The new MAX model includes a stall-prevention system that has come under scrutiny since the Lion Air crash. Authorities have said preliminary data in the probe of the Ethiopian Airlines crash suggested potential similarities between the two accidents.
Boeing has said it believes the jet is safe, but said it eventually concurred with the decision by U.S. authorities to ground the jet out of an "abundance of caution," according to a written statement from Chief Executive Dennis Muilenburg. The U.S. Federal Aviation Administration on Wednesday joined other regulators in grounding the 737 MAX.
Regarding the deliveries pause, a person familiar with the matter said constraints Boeing faces include places to park the aircraft once the jets are built at the company's factory in Renton, Wash.
The facility abuts a small airport, but parking is scarce so the planes must be flown to nearby King County International Airport, also known as Boeing Field, before delivery to customers.
It wasn't immediately clear how many 737 MAX planes Boeing could store at the airfield. A spokesman for the airport's operator didn't immediately respond to a request for comment Thursday about how much additional parking space Boeing had at the airfield. But the operator has said Boeing leases 106 acres there, mostly for its 737 program.
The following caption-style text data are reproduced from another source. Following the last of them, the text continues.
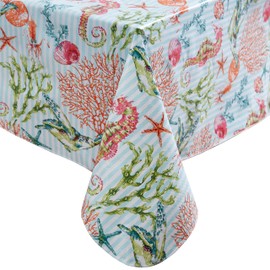Newbridge Vinyl Rectangle Tablecloth with Flannel Backing, 60 x 120 Inch, Neponsit Sea Life, Waterproof, Soil Resistant Dining Room, Party Table Cover, Starfish, Seahorses and Coral, Blue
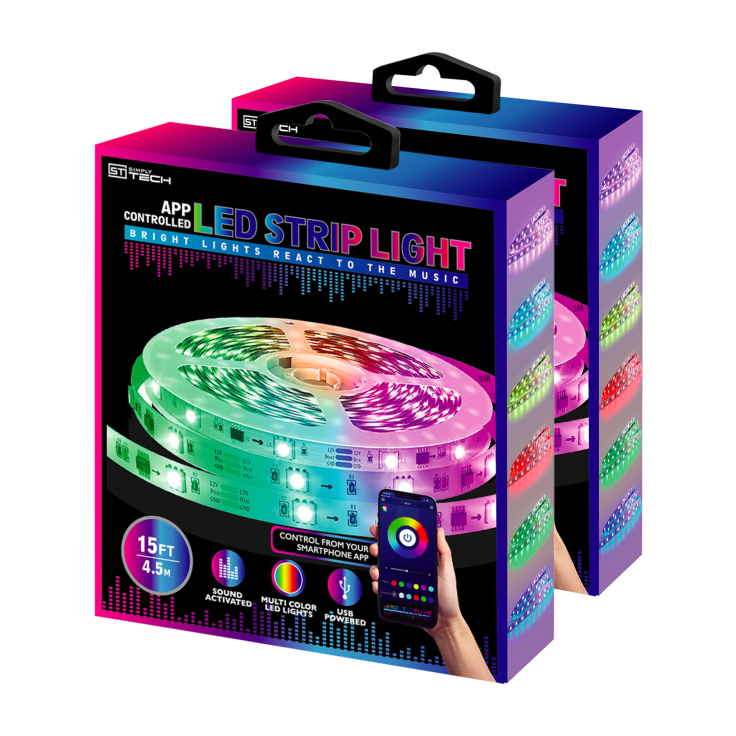 2-Pack Simplytech 15FT RGB LED Strips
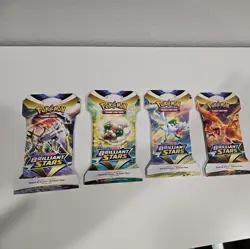 Pokemon TCG Brilliant Stars Sleeved Booster Pack LOT OF 4 Full Art Set Brand New 820650809972 - Image 1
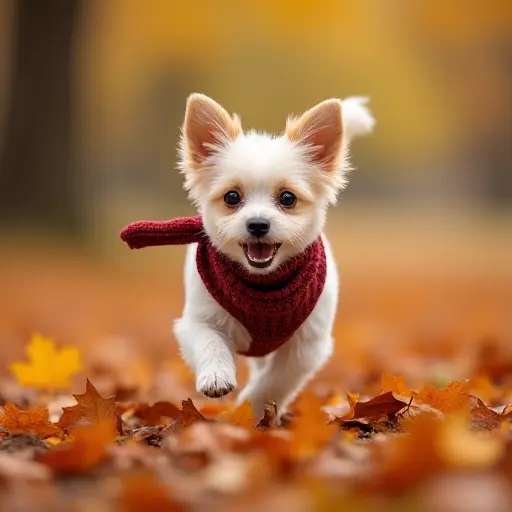 A small dog wearing a scarf, trotting happily through a field of colorful autumn leaves, its tail wagging with joy as the leaves dance around it in the crisp air.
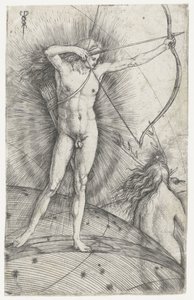 Apollo with Bow and Arrow on Celestial Globe and Diana with Deer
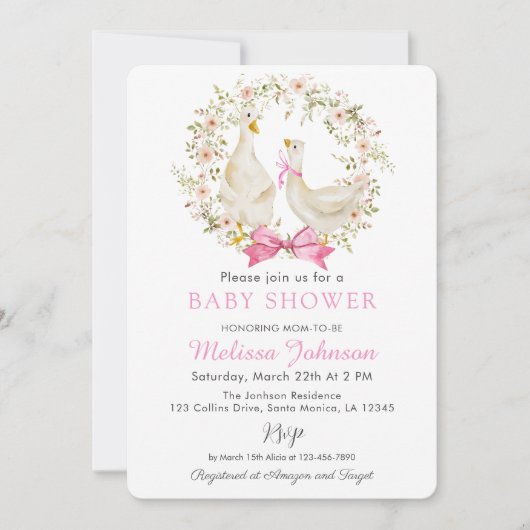 ピンクガチョウ鴨の野生の花の赤ちゃんシャワー招待状 招待状 (正面)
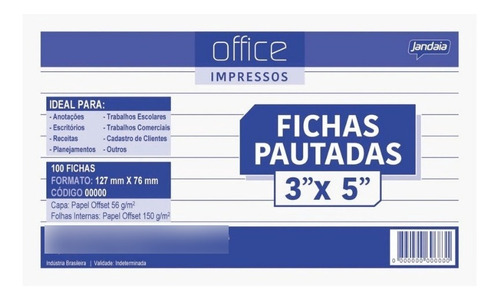 Ficha Pautada 3x5 Pequena Bloco Com 100 Folhas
Despite the FAA's grounding order, the agency has indicated it would grant Boeing special permits to move the aircraft without passengers onboard.
Boeing is investigating alternatives should space at Boeing Field fill up, the person familiar with the matter said. It isn't clear when restrictions could be lifted, but analysts said they could remain in place for at least a matter of weeks.
The world-wide restrictions also dent Boeing's ability to generate cash. Customers pay a large chunk of their bill when they receive finished aircraft.
"It represents a clear logistical challenge," said Michel Merluzeau, director of aerospace- and defense-market analysis at AIR, a research firm in Seattle. "They have to continue to pump these planes out of the factory."
The delivery pause doesn't affect delivery of Boeing's older 737NG models. Boeing's Renton factory churns out 52 737s a month, and the company has planned to increase the rate to 57 this year. Boeing has been phasing out the 737NG as it shifts increasingly toward producing the MAX models.
Also Thursday, a senior Pentagon official indicated the U.S. Air Force has lost confidence in Boeing's ability to maintain quality control over a new aerial refueling tanker it is building.
Boeing delivered the first of the KC-46A Pegasus tankers in January, more than a year late, after a series of production and design problems left the aerospace company nursing $3.5 billion in losses on the initial $4.9 billion contract.
The Air Force then suspended deliveries in February after finding tools and other debris left in some jets, prompting a sharp rebuke from defense chiefs.
"Well, we are not happy with this at all," Will Roper, the Air Force's assistant secretary for Acquisition, Technology and Logistics, told reporters after a congressional hearing. "We do not want to be accepting tankers this way. Having teams sweep an aircraft five times is simply unacceptable."
Deliveries of the tankers resumed this week, after Boeing instituted fresh measures to check the aircraft, and the company now has handed over seven planes out of the existing 52-jet contract.
Mr. Roper said he is confident in the tanker's design and said he even flew in the model delivered this week.
A Boeing spokesman said the company was focused on safety and quality and had agreed on a plan with the Air Force to remedy the debris and quality issues. Mr. Roper said this week's efforts to search for the cause of the Boeing 737 MAX crashes had no impact on military contracts.
"The government is a fair broker," he said. "We're dealing with this issue as it is."